Все это к тому же мне кажется малозначительными частностями перед той общей огромностью, о которой – даже не рассказывает – кричит книга Надежды Мандельштам. Да и не властвует ли советский коммунистический строй над шестой частью суши в значительной степени потому, что слишком много внимания обращалось на частности – плохие дороги, плохой урожай, отсталая техника, допотопное искусство, дефективная продукция и т.д. – и не замечалось главное и основное: попытка вырвать из истории, дегуманизировать, дехристианизировать и превратить в роботов 250 миллионов человек?
И осуществить это так, чтобы ни на Западе, ни на Востоке, и ни в самой несчастной стране, никто бы этого не заметил или, заметив, привык бы. Ведь привык же мир к тому, что был Сталин и сталинщина и что они стоили русскому народу десятки миллионов жертв. Привык мир и, привыкнув, забыл. Забыл или не додумал, что русский коммунизм породил немецкий национал-социализм, что преступная вера Сталина в Гитлера стоила русскому народу еще других двадцати миллионов жертв, не говоря уже о том, что русский коммунистический опыт, перебросившись в Китай, грозит теперь уже всему миру – и прежде всего тому же русскому народу – новыми гекатомбами трупов и небывалой в истории катастрофой.
Книга Надежды Мандельштам об этом, единственно важном в наше время и в нашем мире: нельзя продолжать закрывать глаза на происходящее в Советском Союзе, нельзя – ни в самом СССР, ни в свободных странах Запада – мириться с тем, что там происходит, «утешать себя надеждой, что нас это не коснется». Нет, это коснется всех, потому что уже коснулось миллионов, превратив их в покорных и довольных слуг режима, продавших себя за теплое местечко, за лишний метр жилплощади, за поездку за границу или другие поблажки властей. Поэтому не надо удивляться, что на Западе все больше и больше становится людей, которые совершенно уверены, что в Советском Союзе люди живут вполне нормально, как они в своей Франции, Англии или Германии.

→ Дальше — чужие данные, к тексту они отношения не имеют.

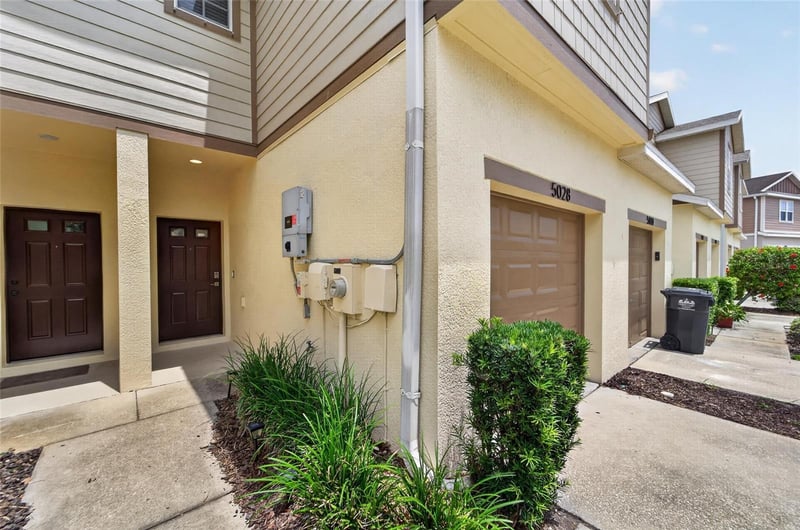5028 White Sanderling Ct, Tampa, FL 33619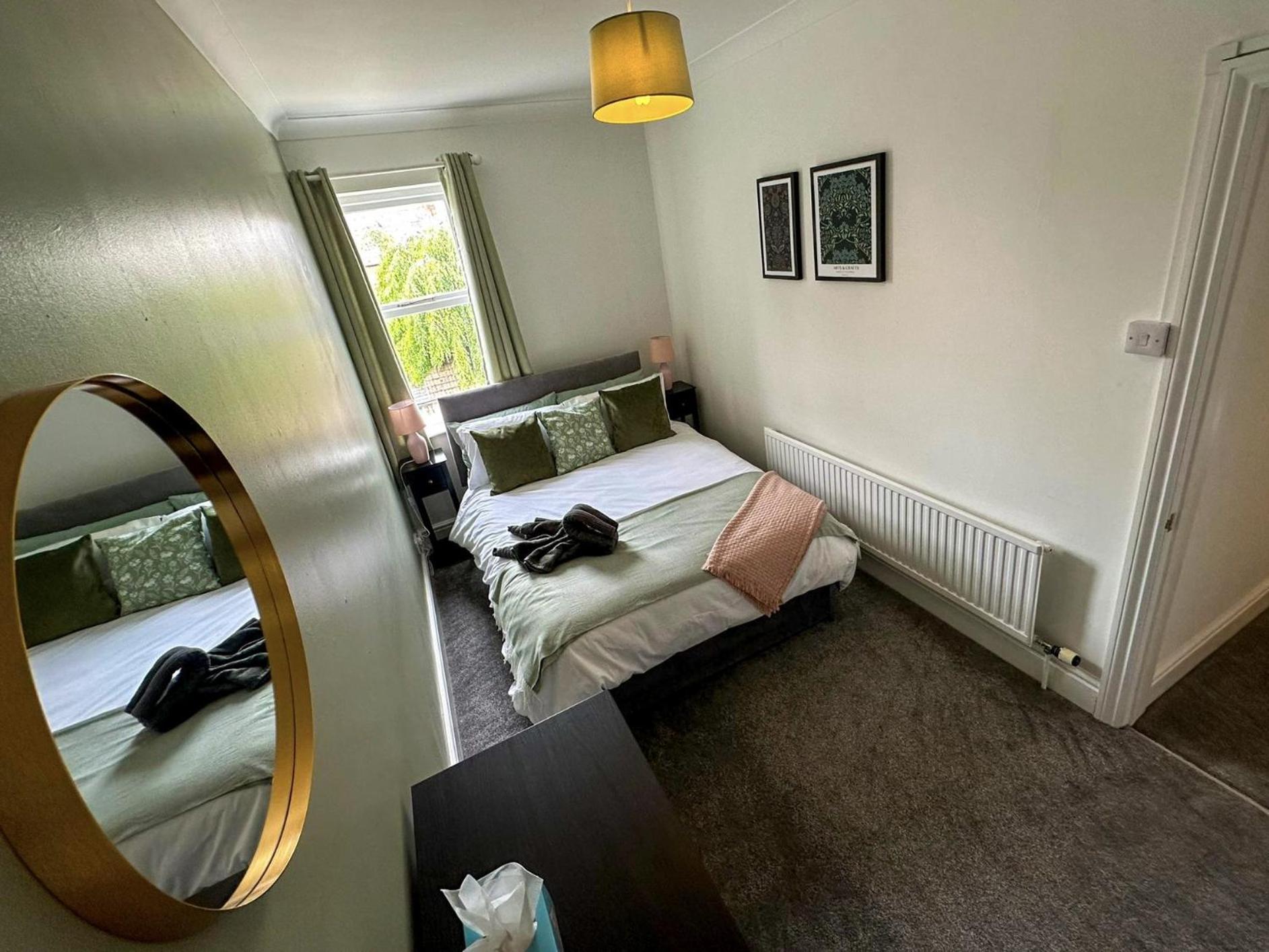 Cecil House - Stylish 2-Bed, Sleeps 5 Guests, Free Parking, Close To Cathedral, Bars & Restaurants Lincoln Exterior photo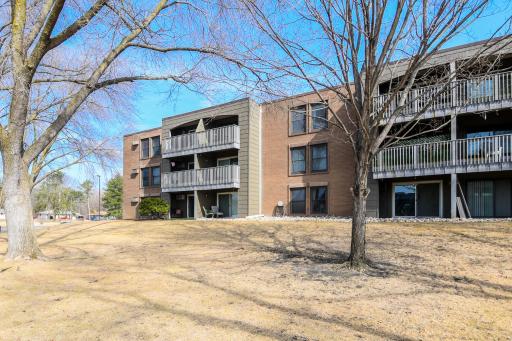 West facing top floor unit. Unit is the top left.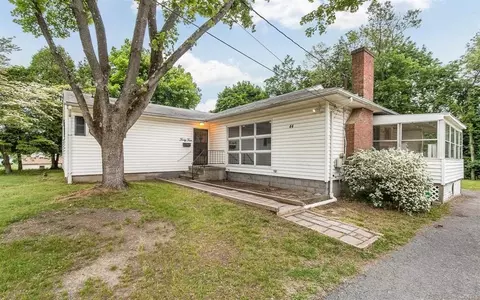 44 Seitz Ter, Poughkeepsie, NY 12603 photo 1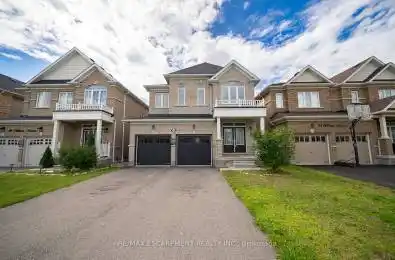 32 Oldham Avenue Brant (Paris) Ontario N3L3E2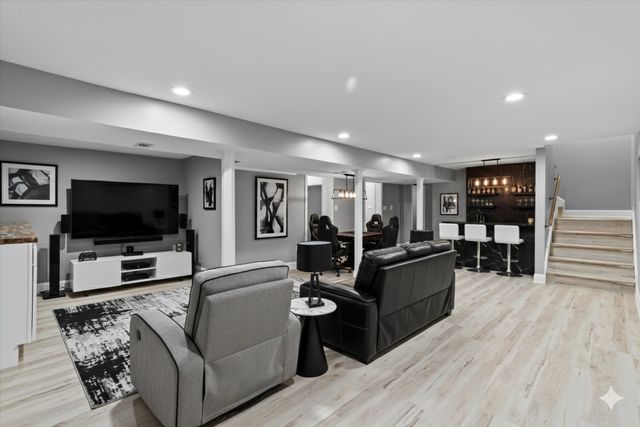 7646 S Wabash Avenue, Chicago, IL 60619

Вот только они не знают, что довольны своей участью в СССР главным образом те, кто – даже того не замечая – давно потерял основное, что делает человека человеком: чувство необходимости быть свободным существом.
«Вторая книга» на примерах показывает, как происходит этот процесс – потеря человеком его свободной личности.